James, 44, lives in Minneapolis and teaches literature at Macalester College in St. Paul. He won for his epic 2014 novel, "A Brief History of Seven Killings," which revolves around the attempted assassination of reggae icon Bob Marley.

James became the first Jamaican to win in the prize's 47-year history.

At nearly 700 pages, "Seven Killings" is no easy airport read. The novel, which James had been thinking about for decades and took four years to complete, uses the attack on Marley as a touchstone for a dizzying mosaic of social history with a wild cast of characters — CIA spies, gang bosses, politicians, musicians, lovers and dreamers.

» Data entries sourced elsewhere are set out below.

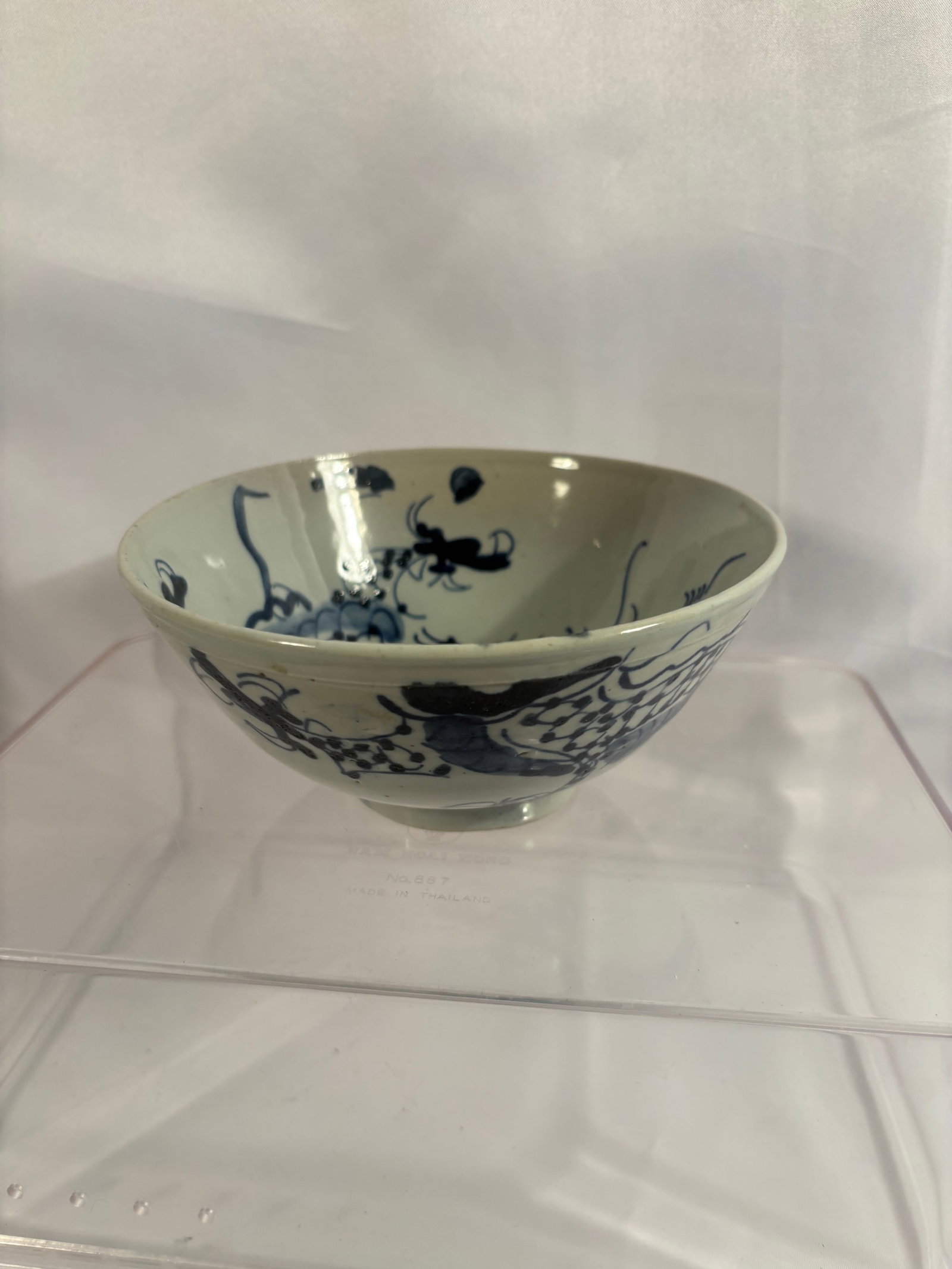 Chinese Blue and White Porcelain Dragon Bowl with Mark, Ming Dynasty( 1368- 1644 ): A Chinese blue and white porcelain bowl, Ming Dynasty, of deep rounded form raised on a short circular foot. The interior is boldly painted in underglaze cobalt blue with a vigorous coiled dragon surr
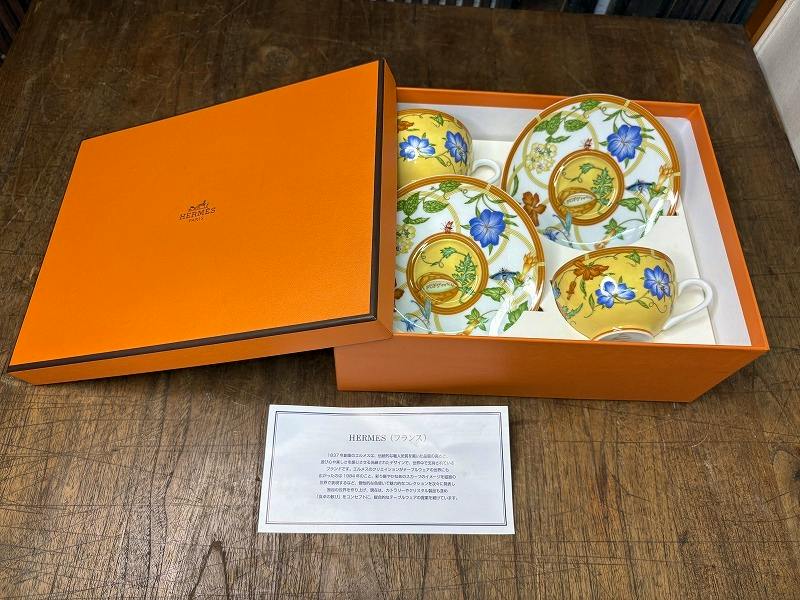 Two yellow Hermes La Siesta teacups with matching saucers displayed inside an open orange Hermes box with an information card.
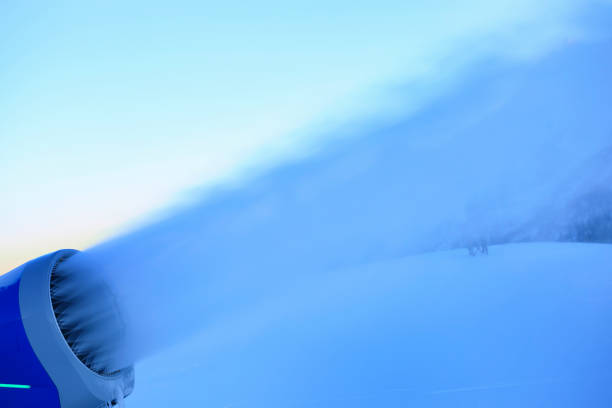 Snowmaking  with snow gun.  Ski slope artificial snowing. Ski resort  with snow cannon - snow making machine. Beautiful winter nature. Fresh snow on the top of  mountains.  High mountain landscape  Ski area.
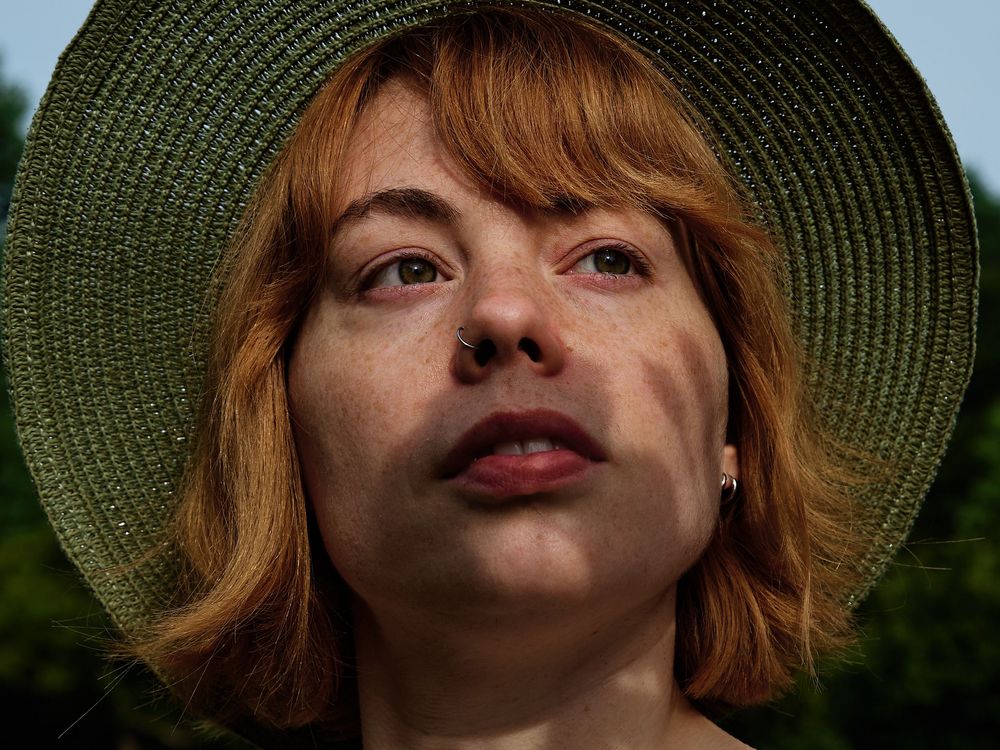 A series of playful expressions shown in a sequence of headshots with a green hat and red lipstick.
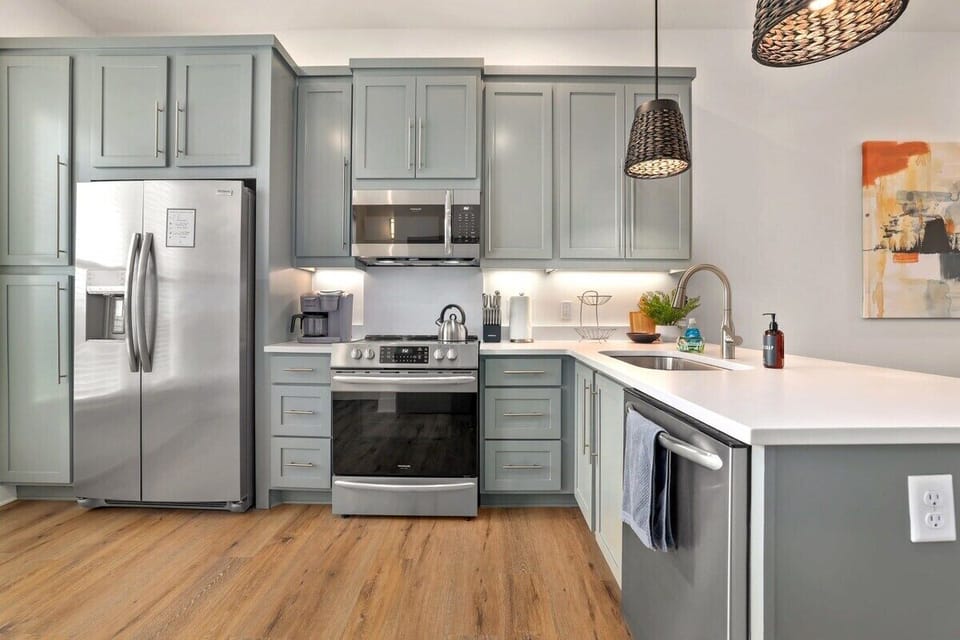 Directly at the top of the stairs, you'll see our fully stocked kitchen. Here, you'll find plenty of built-in storage as well as everything you need to whip up your favorite meal or baked goods.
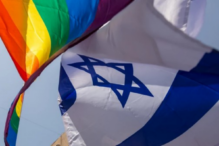 Image of the Israeli flag and the pride flag waving together
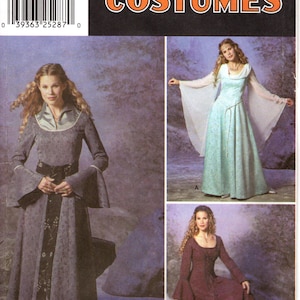 May include: A Simplicity Costumes sewing pattern envelope, number 9891, for sizes RR 14, 16, 18, 20. The cover displays three variations of long-sleeved, floor-length dresses with flared sleeves, featuring a grey dress, a light blue dress, and a dark red dress.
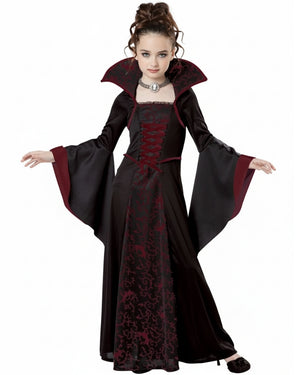 Child wearing a black and red vampire gothic-style dress on a white background
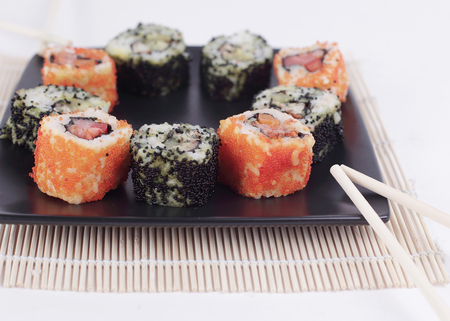 Sushi Set - different types of Maki sushi and chopsticks on a bの写真素材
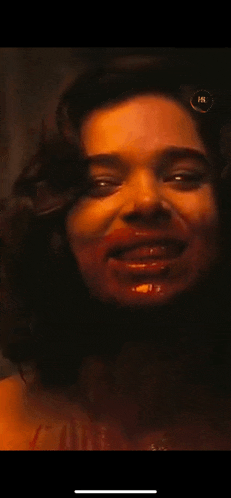 a close up of a woman 's face with blood on her lips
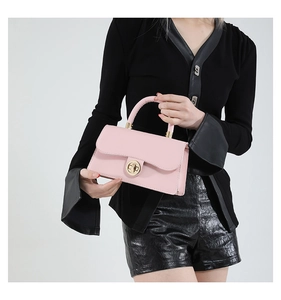 Détail du sac à main en cuir rose avec fermoir en métal doré et poignée incurvée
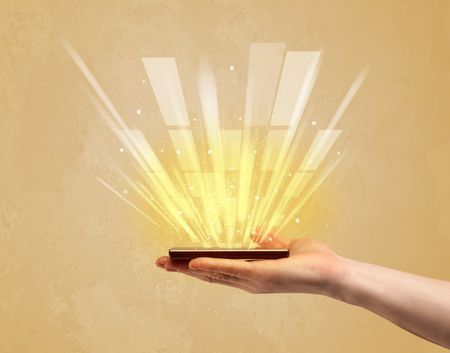 A caucasian hand holding a tablet phone with light beams and information escaping the device illustration concept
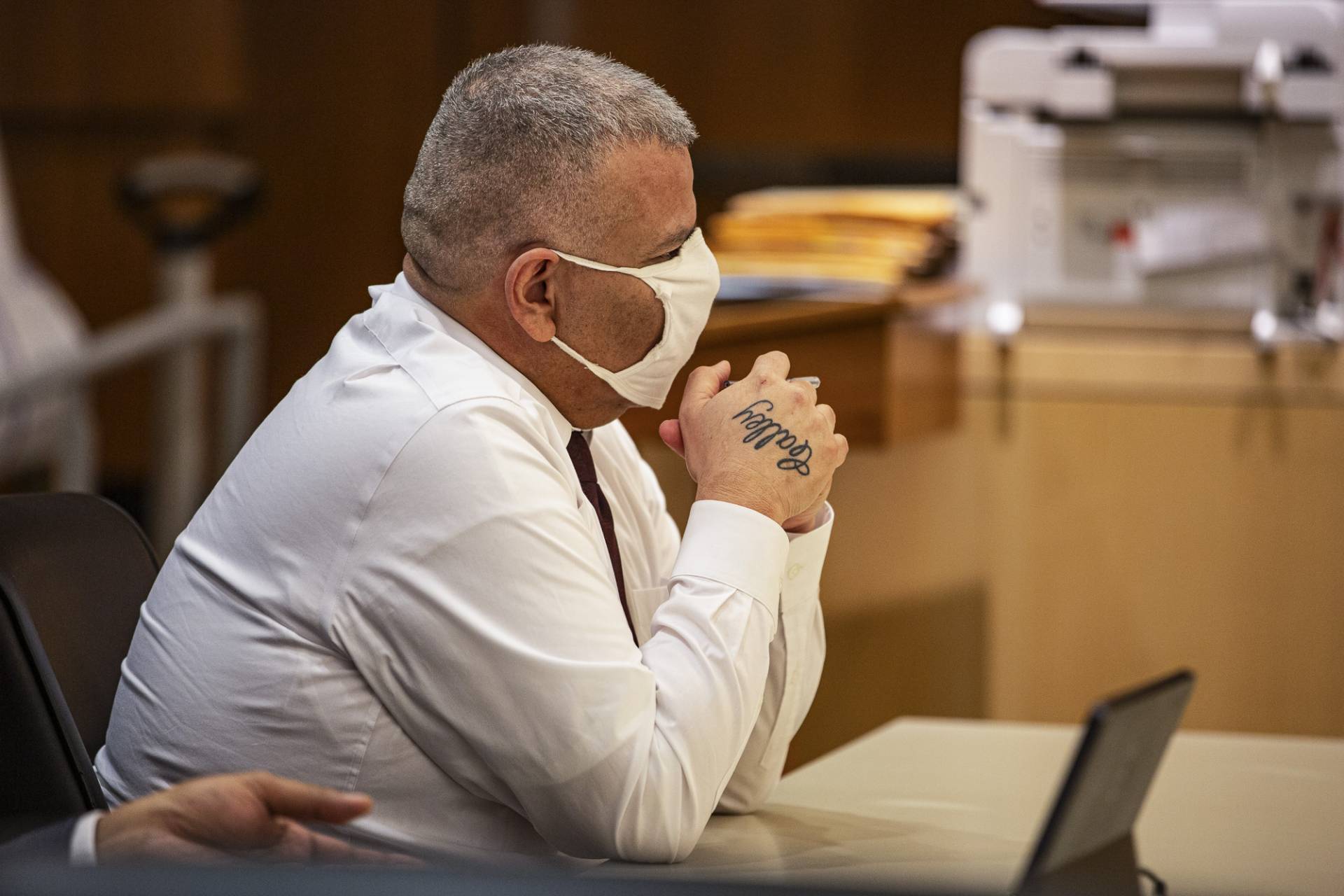 A man wearing a white button down shirt and mask is sitting with his elbows on a desk.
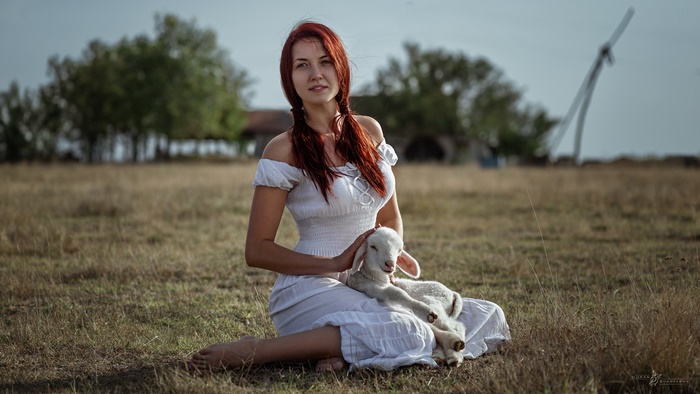 Woman in white dress holding a lamb in a meadow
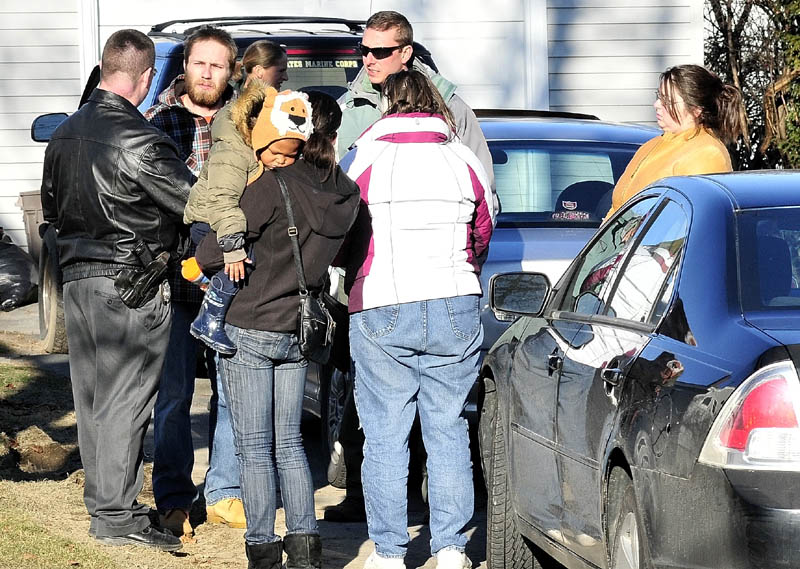 DESPAIR: Maine State Police Detective Christopher Tupper, left, and Waterville Detective Lincoln Ryder, at right, question Justin DiPietro after he arrived at his home on Violette Ave. in Waterville on Sunday as an extensive search was underway at his home and the neighborhood for his 20- month- old daughter Ayla Reynolds who has been missing since Friday.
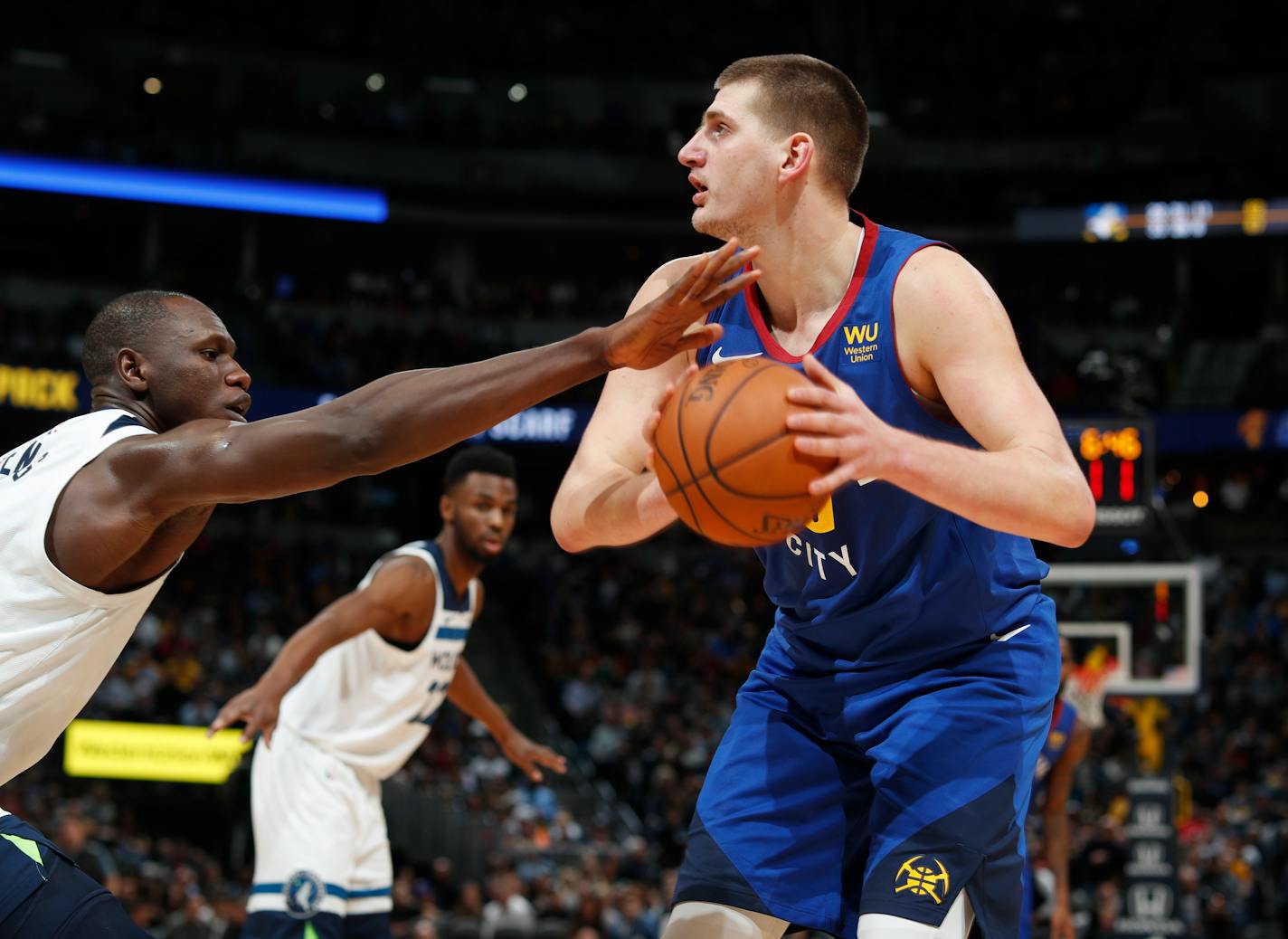 Minnesota Timberwolves center Gorgui Dieng, left, fouls Denver Nuggets center Nikola Jokic who goes up for a basket in the second half of an NBA basketball game Friday, Dec. 20, 2019, in Denver. (AP Photo/David Zalubowski)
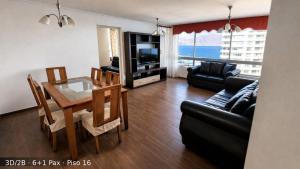 a living room with a dining table and a television at Departamentos Nautilus in Iquique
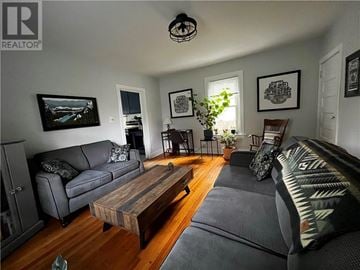 Copper Cliff apartment for rent - A living room with a grey couch, a wooden coffee table, and a painting on the wall.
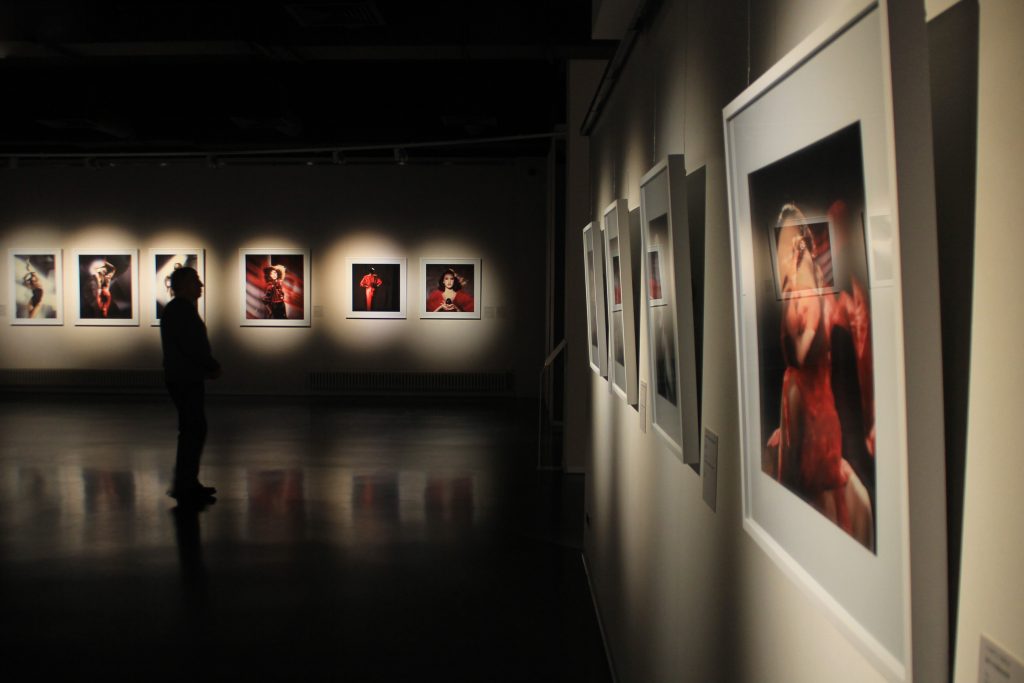 Framed artworks hung in a gallery interior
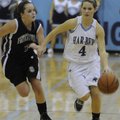 Springdale Har-Ber’s Tori Scott, right, dribbles with the ball past Fayetteville’s Clair Childers du...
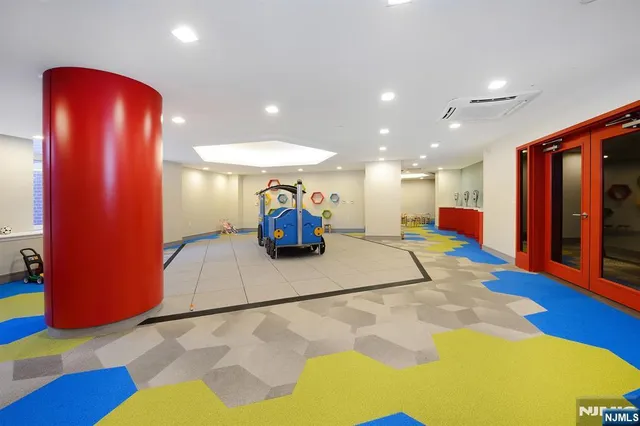 a kitchen with stainless steel appliances kitchen island granite countertop a stove and a cabinets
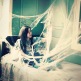 girl in bed covered in cobwebs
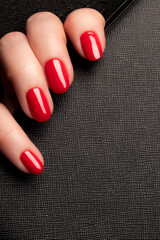 Wall Mural - Female hand with beautiful manicure - red nails on black leather surface background. Nail care concept
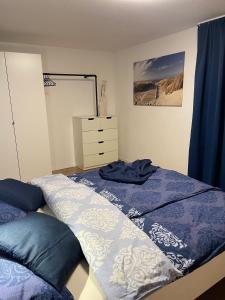 מיטה או מיטות בחדר ב-Ferienwohnung Hilda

The Man Booker jury found it "an extraordinary book," Michael Wood, the chair of judges, told London's Guardian. "[It was] very exciting, very violent, full of swearing" but with plentiful touches of humor and humanity. "It was a book we didn't actually have any difficulty deciding on — it was a unanimous decision, a little bit to our surprise."

The six finalists for the $77,000 prize included two Americans: Anne Tyler for "A Spool of Blue Thread," a domestic drama set in Baltimore, and Hanya Yanagihara for "A Little Life," about four male friends in Manhattan and the childhood abuse suffered by one of them. The other finalists were British writers Tom McCarthy ("Satin Island") and Sunjeev Sahota ("The Year of the Runaways") and 28-year-old Nigerian Chigozie Obioma for his debut novel, "The Fishermen."

"So much of my literary sensibility was shaped by winners of the Man Booker Prize," James told the Star Tribune days before the ceremony. "It's something that was remote to me and I'm just honored to be in the company of these great writers."

A diet of comics and Prince

James grew up in a suburb of Kingston. His mother was a police detective and his father, who died in 2012, a judge.

"We were the Cosbys, or saw ourselves as such," he said last year. "My childhood was pretty boring."

He was into comics and music — not reggae, but Prince and Madonna and 1980s bands such as Men at Work — while reading everything he could, from novels and poetry to Rolling Stone magazine. That craving for things global helped form his wide-ranging aesthetic.

He worked in advertising in Jamaica for many years while nurturing his ambitions. In 2001 he participated in a workshop at the Calabash Literary Festival in Kingston and emerged with what became his first novel, "John Crow's Devil." It won wide attention when it was published in 2005. His second novel, "The Book of Night Women" (2009), a violent but lyrical story set on a 19th-century sugar plantation, cemented his reputation.

"The Booker says what we knew, and that is Marlon is one of the best writers in the world," Jamaican novelist Colin Channer, co-founder of Calabash, said Tuesday. "This brings the prestige and light to a lot of what has been going on in our little country, which the musicians have known all along."

Working on HBO series

Dozens of people die in "Seven Killings," a Quentin Tarantino-esque work that covers the world of drugs and political violence from 1970s Kingston to crack houses in 1980s New York.

It is being developed as an HBO series. James, who is on sabbatical from Macalester, has completed the screenplay for a pilot.

"We have a director attached, but we can't announce it yet," he told the Star Tribune.

James spent countless hours composing the book at coffee shops in the Twin Cities, where he moved in 2007 to teach English at Macalester. He said these sometimes raucous haunts were crucial in helping him hear the voices of his characters, especially those who speak in Jamaican dialect, or "Patwa."

In accepting his award Tuesday, James acknowledged reggae musicians for being "the first to recognize that the voice coming out our mouths was a legitimate voice for fiction and poetry."

The author has a full plate when he returns from London, including speaking engagements Oct. 29-30 at the Hopkins Center for the Arts as part of the Hennepin County Library's Pen Pals series.

His win brought an outpouring of kudos across social media, and expressions of pride from colleagues.

"I'm ecstatic and on a certain level, disbelieving" said Macalester President Brian Rosenberg. He said a communitywide reception, and perhaps a ticker-tape parade, is being planned for Oct. 28.

"This award," said Rosenberg, "is by many measures the most prestigious literary prize in the world. And Marlon is very deserving."